- TASK DESCRIPTION
Every record below must be retyped exactly, with the pictures left out.
---- RECORD EXTRACTS
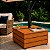 Base de Madeira Com Rodas Para Ombrelone 72x72cm Com Tampa Mesa - Cor Mel AMZ - Imagem 6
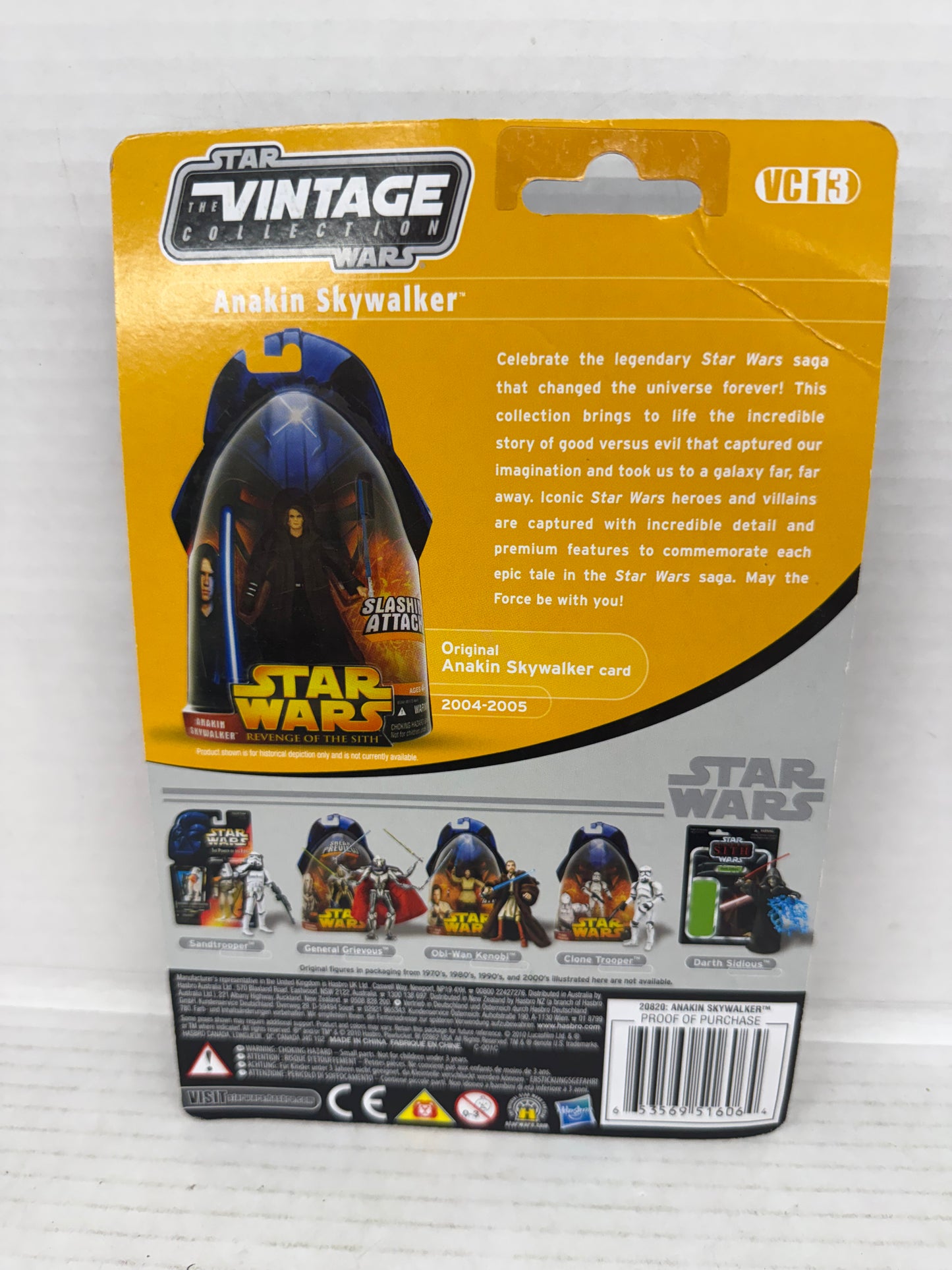 Hasbro Star Wars Anakin Skywalker Revenge of the Sith Vintage Collection Action Figure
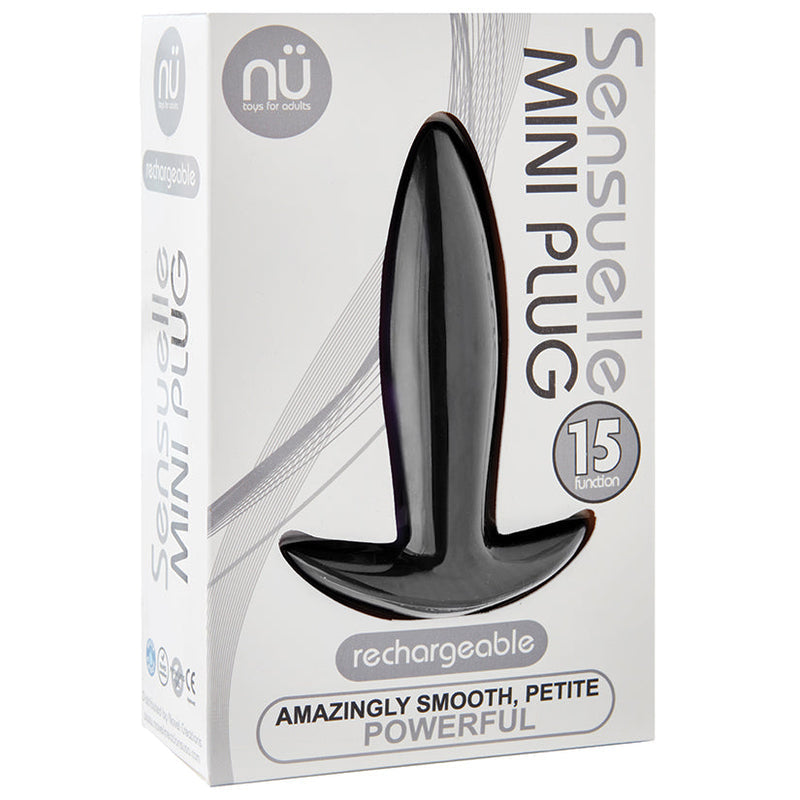 Sensuelle Mini Plug - Anal Toys - Sensuelle - Black - NU54BK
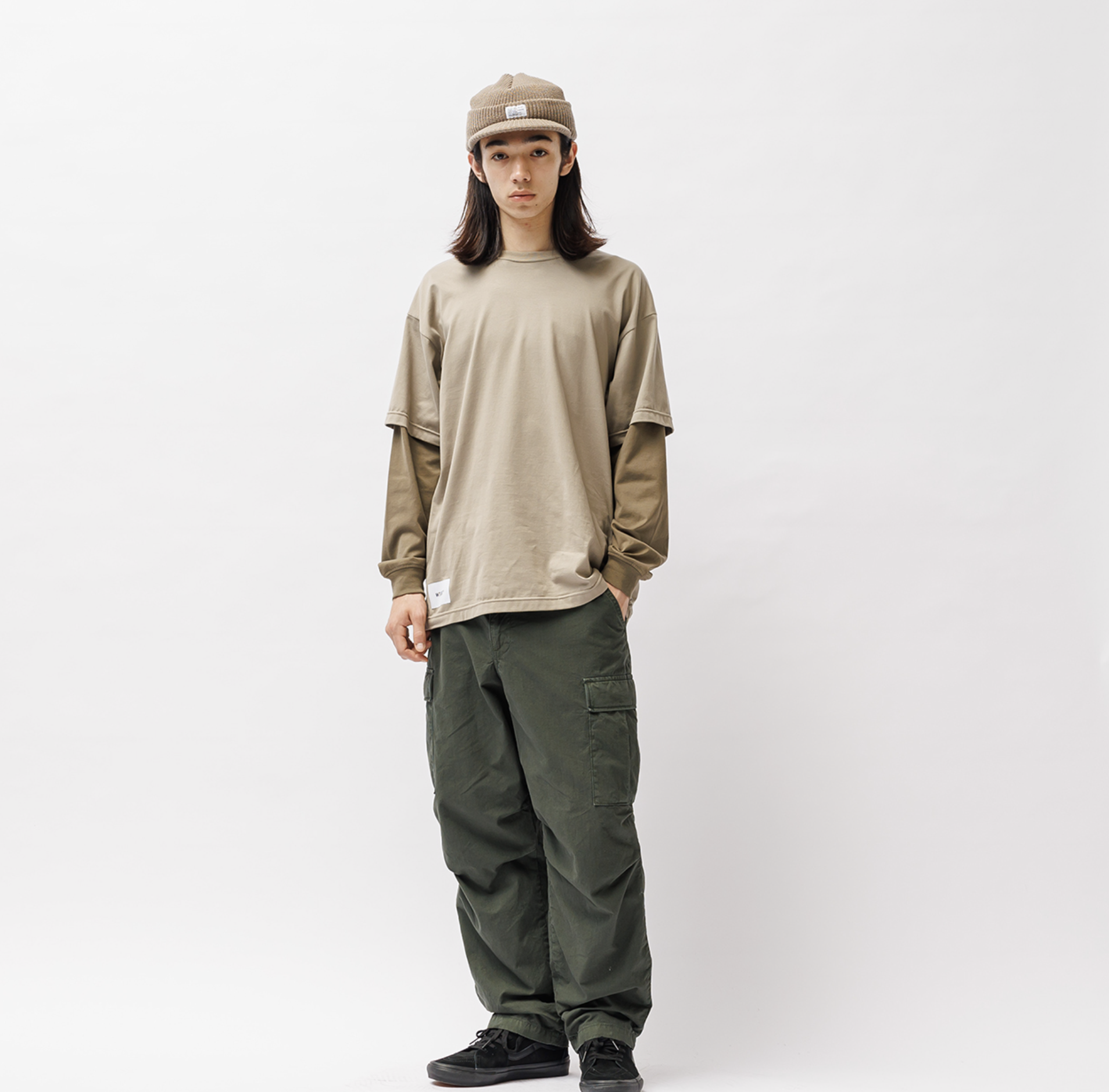 [現貨] WTAPS FW25 SLDR 01 / LS / COTTON | BEIGE / GRAY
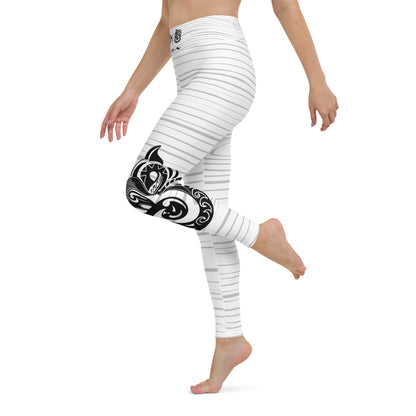 White Tiger Collection - Yoga Leggings - Wolf-Manaia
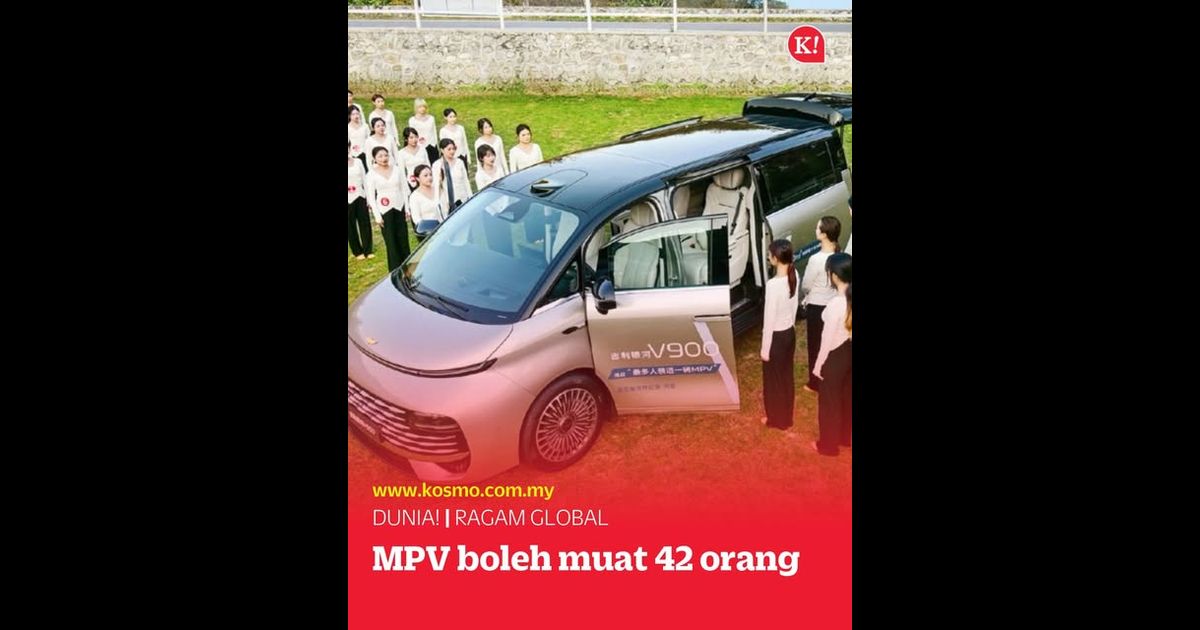 MPV boleh muat 42 orang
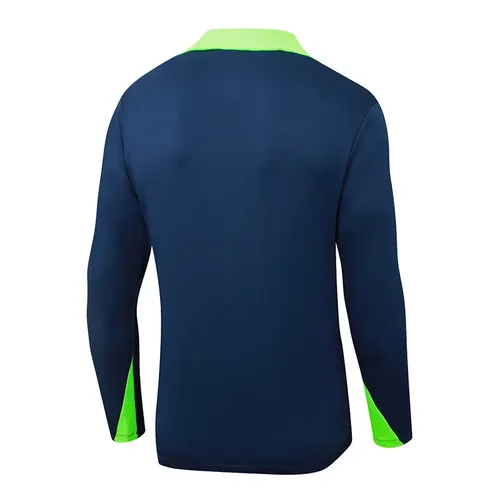 2025/2026 Conjunto de Entrenamiento Semi-Pull Azul Real Brasil Camiseta — view 4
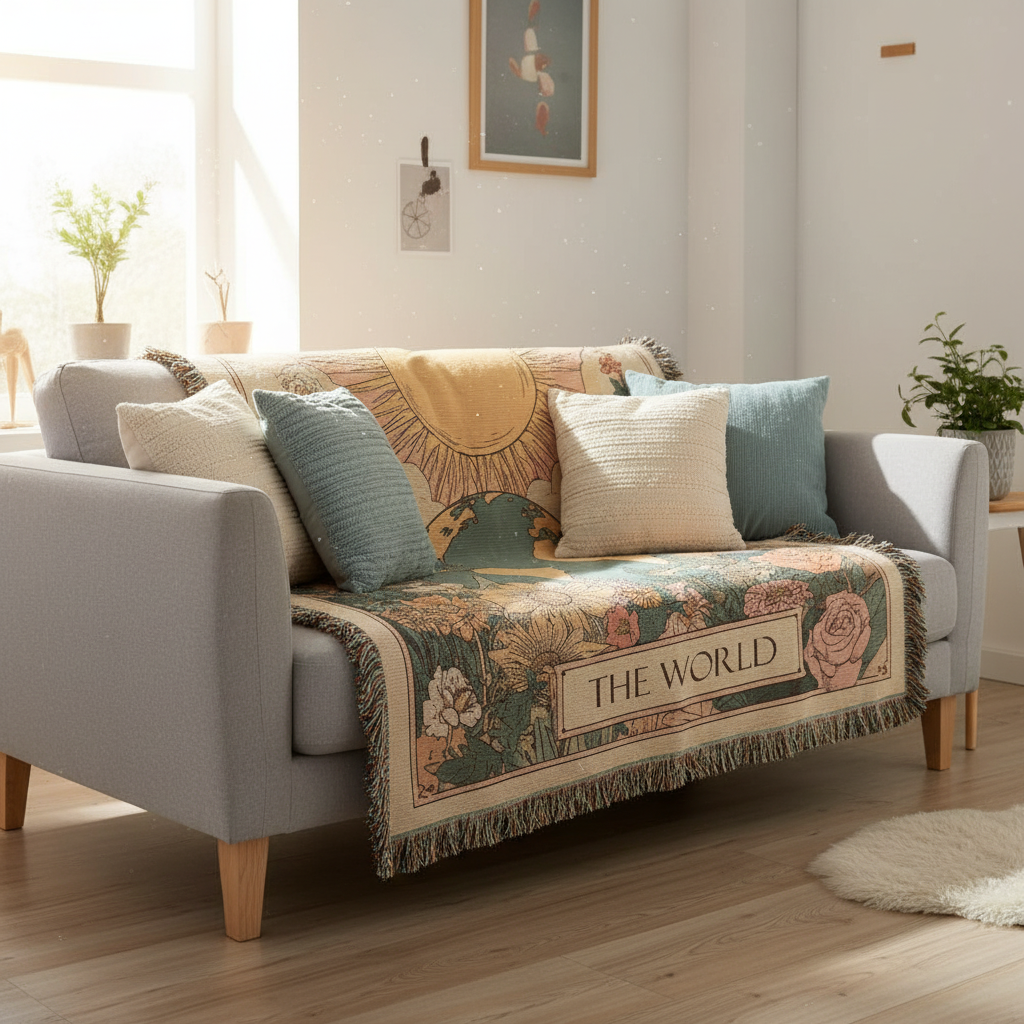The World Tarot Heirloom Woven Blanket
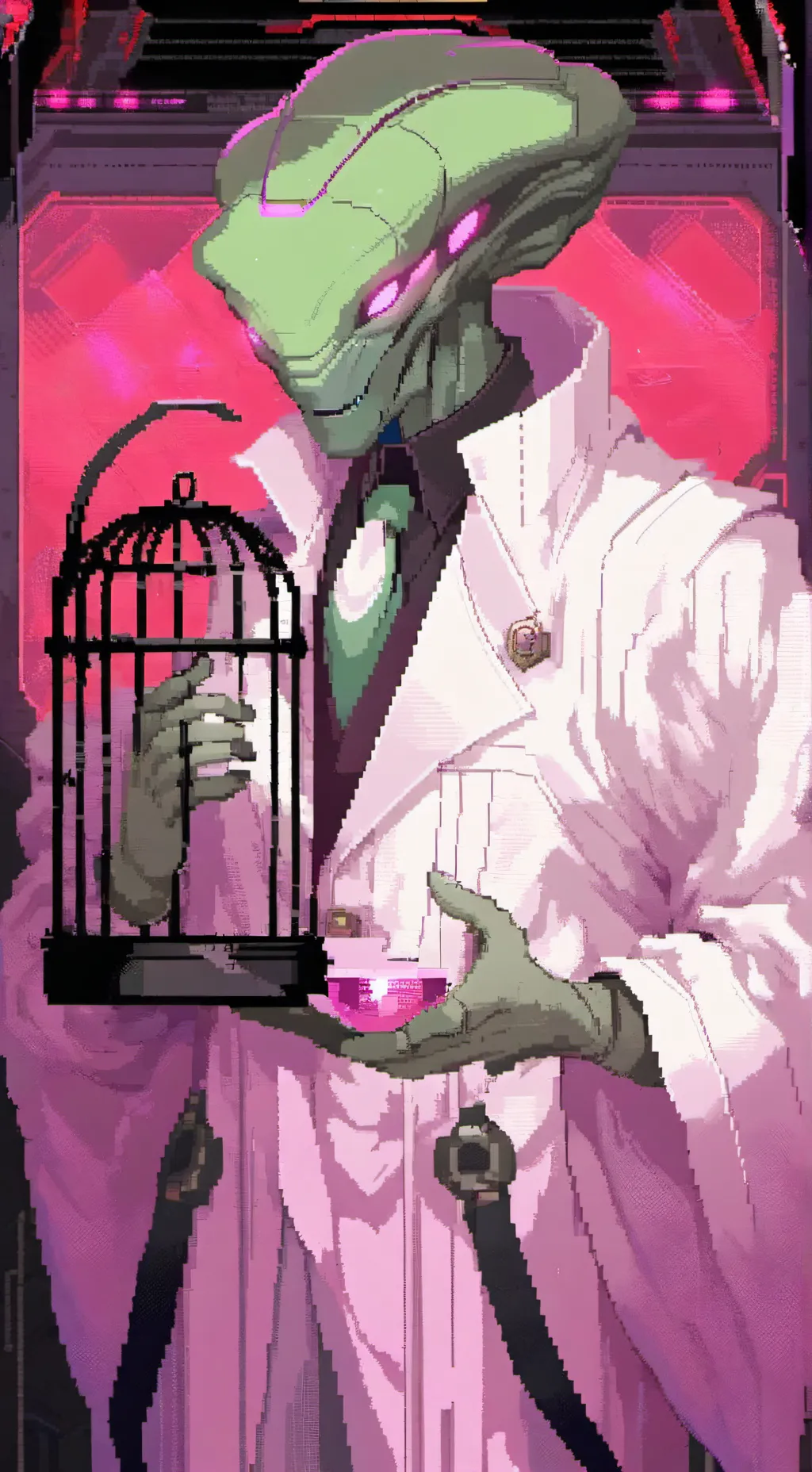 ai character: Alien background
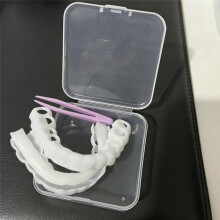 6pcs Set (2 Mouthguards 2 Auxiliary Materials 1 Clip Storage Box) Flexible White Comfortable Mouthguard, with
--------
- TASK OUTPUT
 Base de Madeira Com Rodas Para Ombrelone 72x72cm Com Tampa Mesa - Cor Mel AMZ - Imagem 6
 Hasbro Star Wars Anakin Skywalker Revenge of the Sith Vintage Collection Action Figure
 Sensuelle Mini Plug - Anal Toys - Sensuelle - Black - NU54BK
 [現貨] WTAPS FW25 SLDR 01 / LS / COTTON | BEIGE / GRAY
 White Tiger Collection - Yoga Leggings - Wolf-Manaia
 MPV boleh muat 42 orang
 2025/2026 Conjunto de Entrenamiento Semi-Pull Azul Real Brasil Camiseta — view 4
The World Tarot Heirloom Woven Blanket
 ai character: Alien background
 6pcs Set (2 Mouthguards 2 Auxiliary Materials 1 Clip Storage Box) Flexible White Comfortable Mouthguard, with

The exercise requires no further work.